It’s when the growth plates are NOT closed that they get the most benefit from work.

"Aren’t horses running on undeveloped bones and joints – not just as 2-year-olds, but all horses?

Dr. Larry Bramlage: Roughly, this is a schedule of the disappearance of the growth plates. Skeletons mature from the ground up, and just because the growth plates are still there does not indicate anything related to injury. The one that’s commonly followed is the growth plate at the distal end of the radius or what horsemen mean when they say ‘Are the knees closed?’ That was shown 30 years ago in a paper by Dr. Gabel at Ohio State that it had no relation to injury. That’s because the skeletal age, or the maturity of the bones, is not the thing that causes the horse problems – it’s adaptation to training.

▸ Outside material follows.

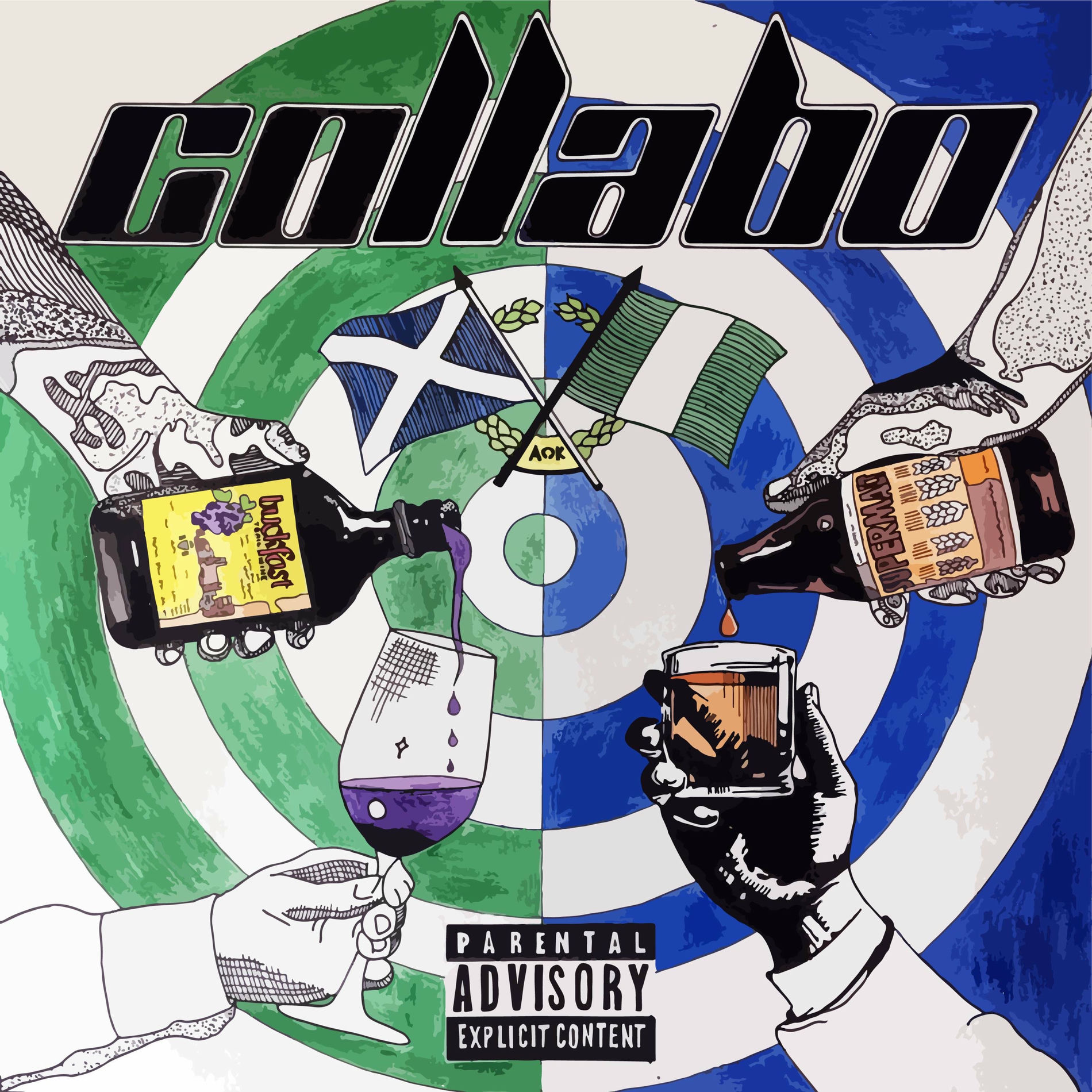 Album cover of Collabo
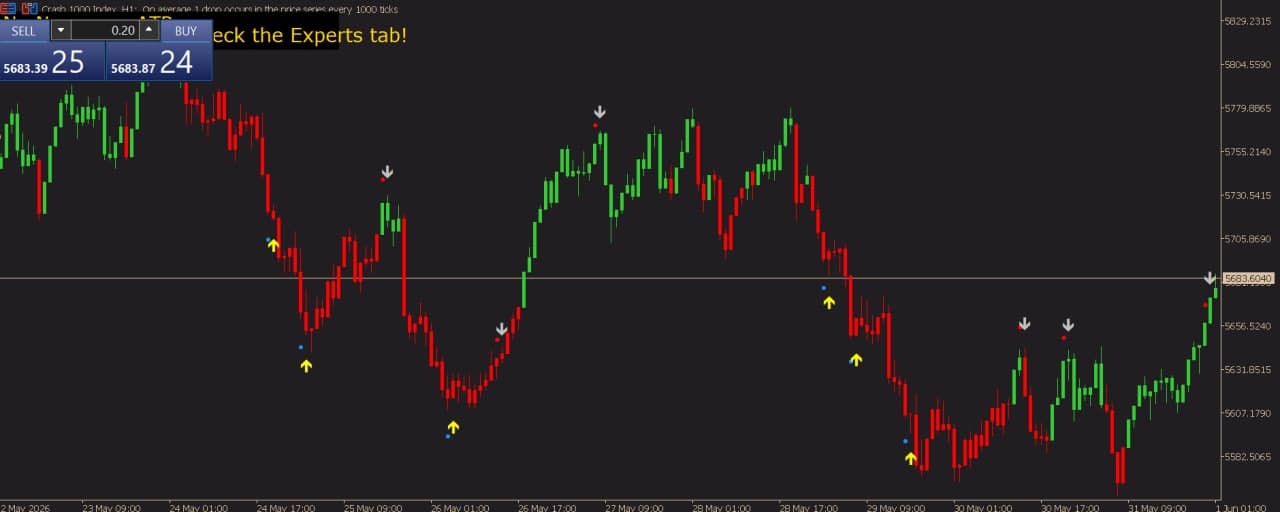 Boom & Crash Spike Catcher example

Most people that have some passing interest in horses think you should wait until the horse is fully mature and has no growth plates in its limbs – that would be four or five years old. The growth plates in the withers, those are going to be there until they’re 12 or 13, if that gives you an indication of the fact the growth plates aren’t all that important as far as skeletal maturity. But the people who think you should wait until the growth plates are gone before you start training, that gets proven to be wrong over and over in scientific studies. The reason is that as the horse finishes growing, he’s got the blood supply and cell population that supports growth. What’s best for the horse is to start training during that period of time and convert those support processes from growth to adaptation to training. The cells that would disappear because the skeleton is fully grown just switch jobs and start modeling the bones for the stress of training.

This all goes back to understanding that racehorses are not born with racehorse skeletons, they make them. The training is most effective when you catch the horse at the time they’re most able to respond, which is roughly the time when they’re two years old."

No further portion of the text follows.